Is she right? And what exactly is trickle-down economics?
During the 1970s, the U.S. inflation rate soared, peaking at about 13 percent. Unemployment rose with it, peaking at more than 10 percent. The economy was stagnant: The term “stagflation” was born: inflation in the midst of economic stagnation.
Policy makers were baffled. An increase in government spending could stimulate growth, but it would add to inflation. Yet if taxes were cut, the result would be the same; both policies are geared to stimulate demand.
Economists hit upon a different approach. Instead of stimulating demand alone, it might be better to stimulate demand and supply together, they reasoned.

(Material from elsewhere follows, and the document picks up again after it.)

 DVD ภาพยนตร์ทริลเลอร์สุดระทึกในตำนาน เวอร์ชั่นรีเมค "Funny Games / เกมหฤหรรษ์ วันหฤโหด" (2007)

Growing supply would put downward pressure on prices. Output would grow to meet the new demand.
The way to accomplish this “supply-side solution” was to cut taxes for all Americans and especially for those who could create the capital needed for the expansion. Opponents dubbed this approach “trickle-down economics” which, they said, simply hides the fact that tax cuts are being given to the rich, who really don’t pay their fair share anyway. As a result, they argued, this new idea simply wouldn’t work. Giving tax breaks to the wealthy and hope the benefits trickle down to the rest of us is simply a myth, they claimed.

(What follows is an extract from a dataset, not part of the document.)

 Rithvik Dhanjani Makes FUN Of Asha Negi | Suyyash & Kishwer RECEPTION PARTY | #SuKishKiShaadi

But in 1981, under the new Reagan Administration, Congress reduced tax rates for all Americans. This meant that the middle class had more disposable income which, when spent, stimulated demand.
Businesses and higher income earners used their increased disposable income to make investments and supply the capital needed for growth. The increase in demand from consumers, followed by the increase in supply from business led to rapid economic growth.

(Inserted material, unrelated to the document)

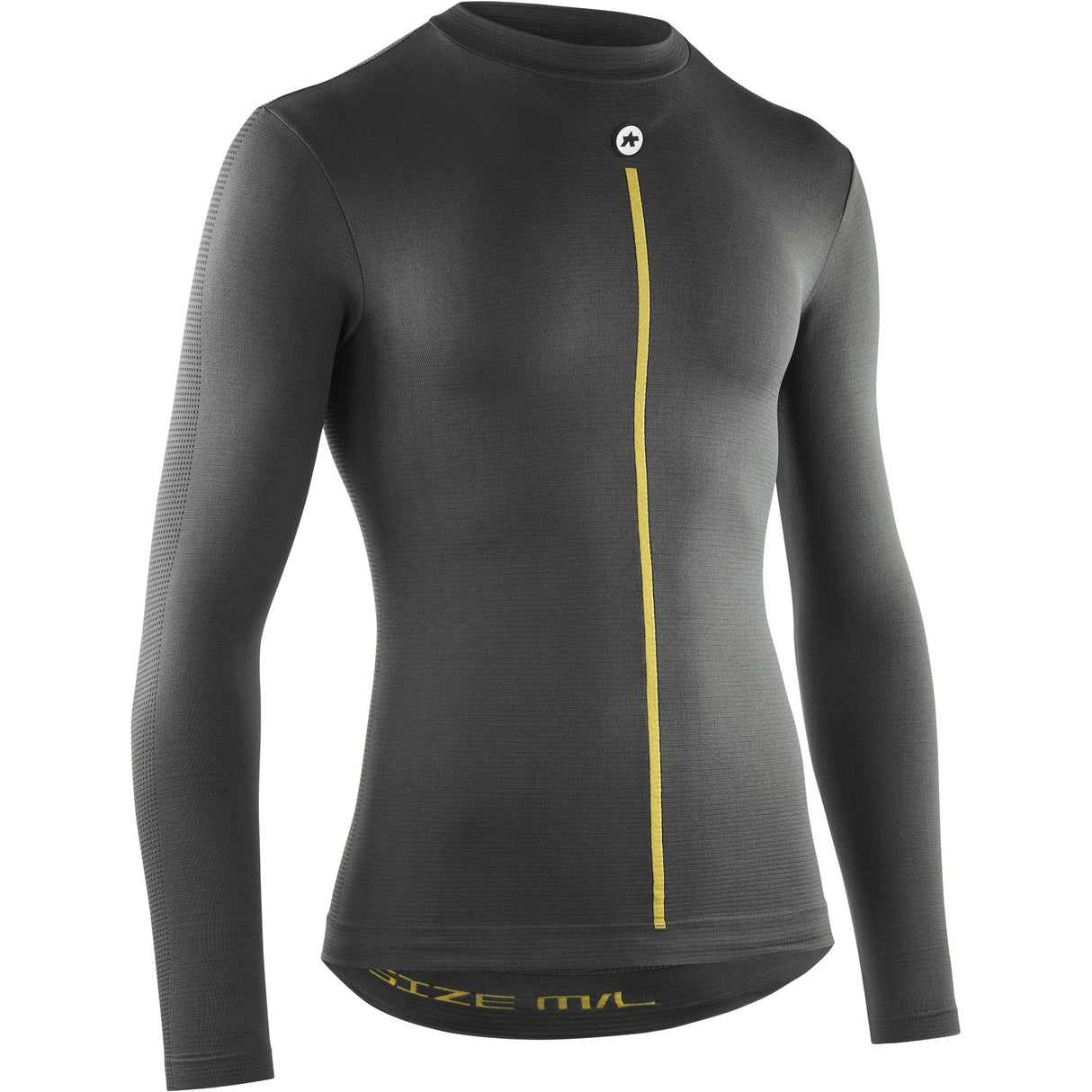 Assos Spring Fall LS P1 long sleeve base layer - Black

In 1984, the annual U.S. growth rate exceeded 7 percent. Inflation fell rapidly from 13 percent to 3 percent. America’s unemployment rate was cut in half by the end of the decade. Almost simultaneously, the U.S. economy went on a 25-year growth surge, save for a couple of small hiccups in 1991 and 2001.
Surprise! Trickle-down economics works.
Regarding “fair share”: There has never been a clear definition for that term. In 2015, the top 20 percent of income earners paid about 85 percent of all income taxes. Almost half of American households paid no federal income taxes at all. How much more should the top income earners pay?
Donald Trump has stated he will lower tax rates for all Americans, including the highest income earners—those who supply the capital needed for economic expansion. He would reduce the corporate tax rate, which would encourage companies to do business in the U.S. and remain headquartered here rather than in countries with much lower corporate tax rates.
That could result in companies locating or relocating back to the U.S., which may, at least in part, be why Trump says he can bring jobs back to America. He would also reduce burdensome and unneeded regulations that serve to slow economic growth.
For her part, Hillary Clinton says she would continue the policies of the Obama administration, arguing that cutting taxes for the wealthy will not grow the economy. Policy-wise in fact, she would do just the opposite. She would raise the tax rate on the highest income earners by another 10 percent.
Clinton supported President Obama’s 10 percent tax rate increase on wealthy individuals and his raising of the capital gains tax rate from 15 percent to 20 percent, and in some cases 23.8 percent. The cumulative result of those tax decisions is that President Obama will have served his entire eight years in office without experiencing at least one year with economic growth of least 3 percent. He is the first president in history to gain this dubious distinction.
The past eight years of economic stagnation has, in turn, led to all the economic problems Americans have recently experienced and continue to experience. Government spending increases, tax revenues grow slowly, the annual deficit is large and getting larger, income inequality worsens and few new job opportunities are created. It is this lack of opportunity, in turn, that contributes greatly to America’s growing social problems.
Hillary Clinton’s claim that trickle-down economics is what led to the financial crisis is based on fantasy, not on facts. As Americans learned in the 1980s, significantly reducing tax rates to encourage economic growth will lead to a prosperous economy, not a financial crisis.
In other words, maybe trumped up, trickle-down economics is just what America needs today.